*Data for processing*:
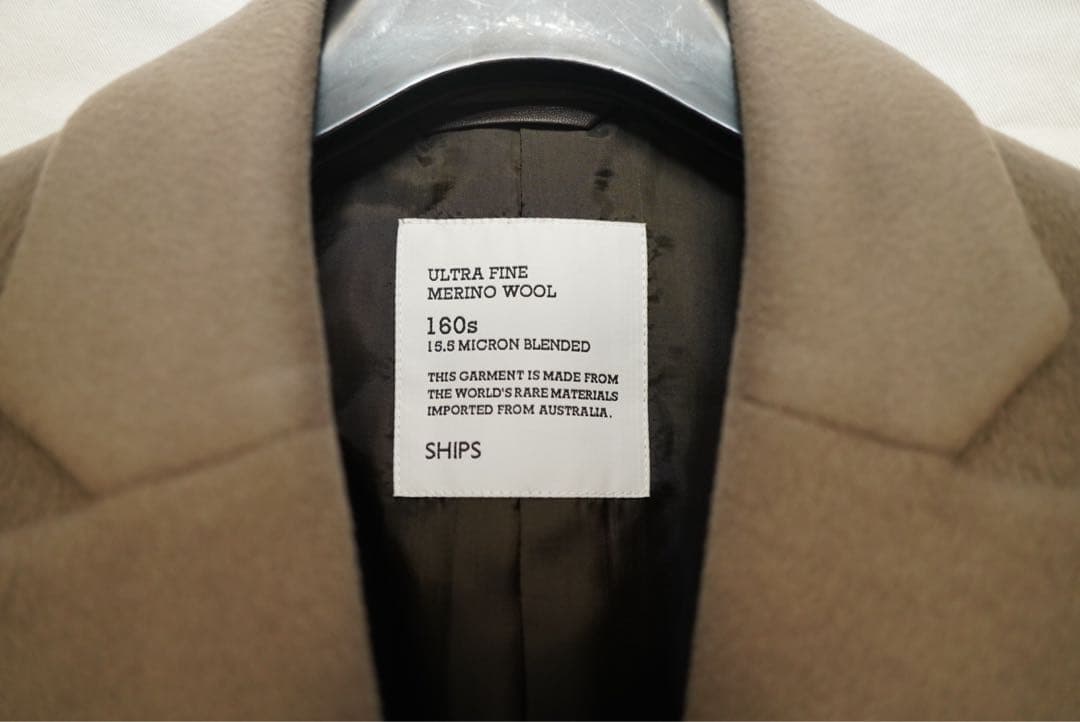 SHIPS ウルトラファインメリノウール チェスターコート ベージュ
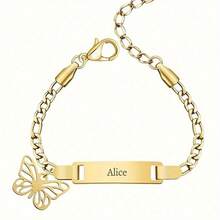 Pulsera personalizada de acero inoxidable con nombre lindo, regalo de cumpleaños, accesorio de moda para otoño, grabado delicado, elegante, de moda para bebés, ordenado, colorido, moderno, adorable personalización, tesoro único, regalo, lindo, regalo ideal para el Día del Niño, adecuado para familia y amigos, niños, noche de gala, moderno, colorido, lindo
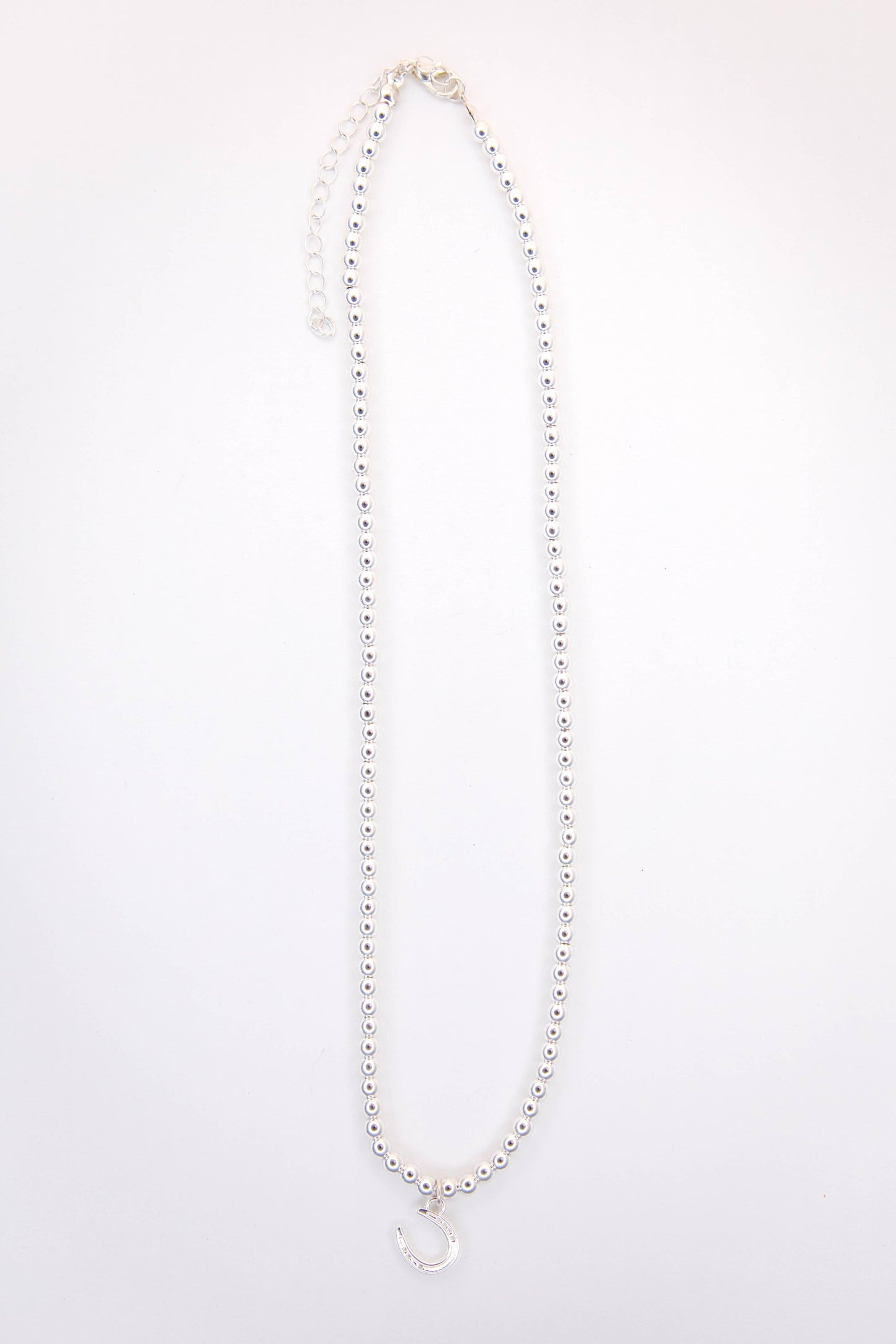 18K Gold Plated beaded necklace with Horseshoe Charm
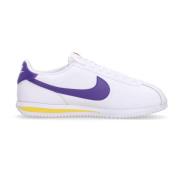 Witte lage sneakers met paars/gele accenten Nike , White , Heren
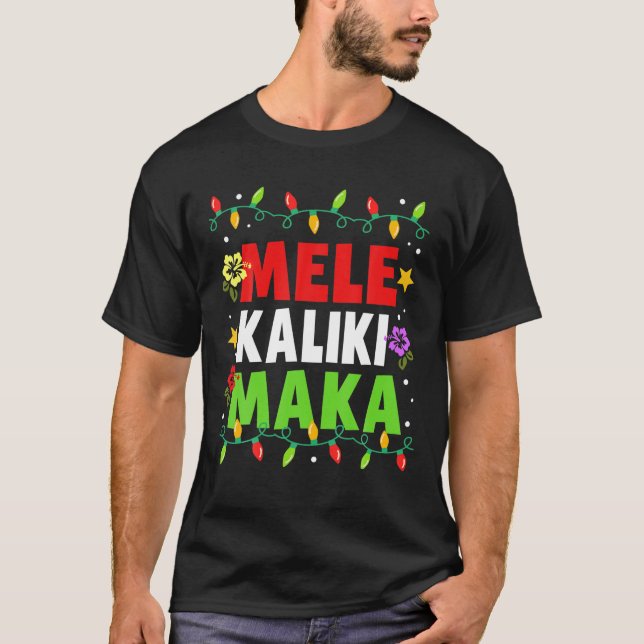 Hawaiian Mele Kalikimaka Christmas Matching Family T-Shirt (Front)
...
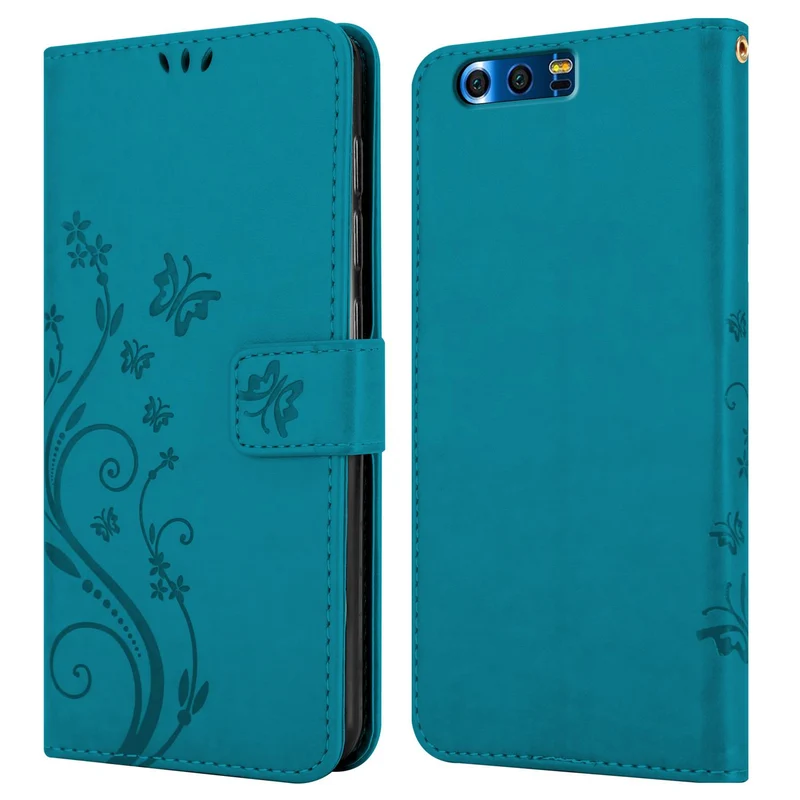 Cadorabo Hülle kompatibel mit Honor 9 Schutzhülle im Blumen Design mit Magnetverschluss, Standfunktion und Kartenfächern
...
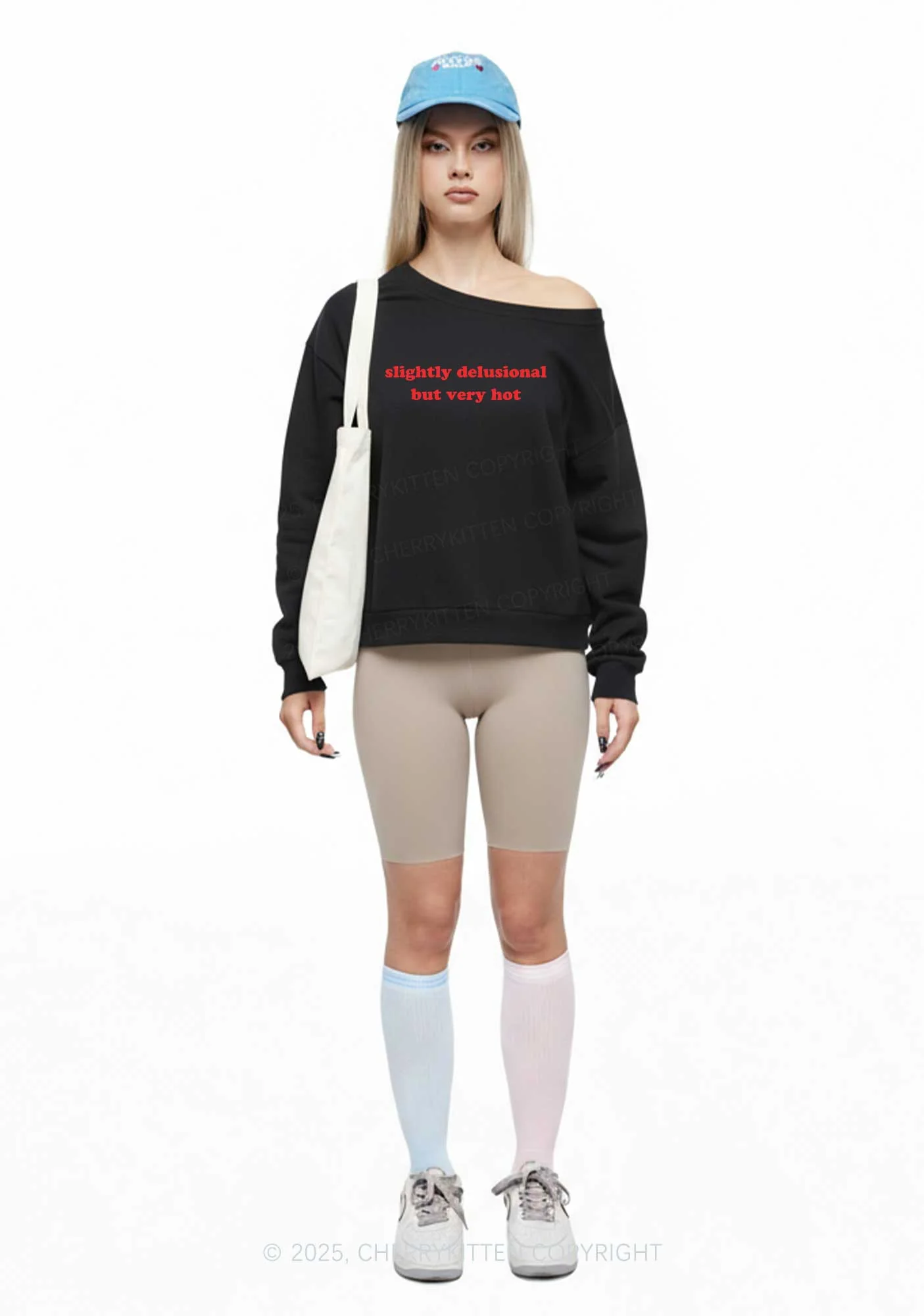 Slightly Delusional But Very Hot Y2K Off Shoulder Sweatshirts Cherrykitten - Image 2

*What is expected*:
Here the job is to copy the stretch of records from the line containing "SHIPS ウルトラファインメリノウール チェスターコート ベージュ" through the line containing "Hawaiian Mele Kalikimaka", word for word. Leave every picture out.

*Result of the exercise*:
 SHIPS ウルトラファインメリノウール チェスターコート ベージュ
 Pulsera personalizada de acero inoxidable con nombre lindo, regalo de cumpleaños, accesorio de moda para otoño, grabado delicado, elegante, de moda para bebés, ordenado, colorido, moderno, adorable personalización, tesoro único, regalo, lindo, regalo ideal para el Día del Niño, adecuado para familia y amigos, niños, noche de gala, moderno, colorido, lindo
 18K Gold Plated beaded necklace with Horseshoe Charm
 Witte lage sneakers met paars/gele accenten Nike , White , Heren
 Hawaiian Mele Kalikimaka Christmas Matching Family T-Shirt (Front)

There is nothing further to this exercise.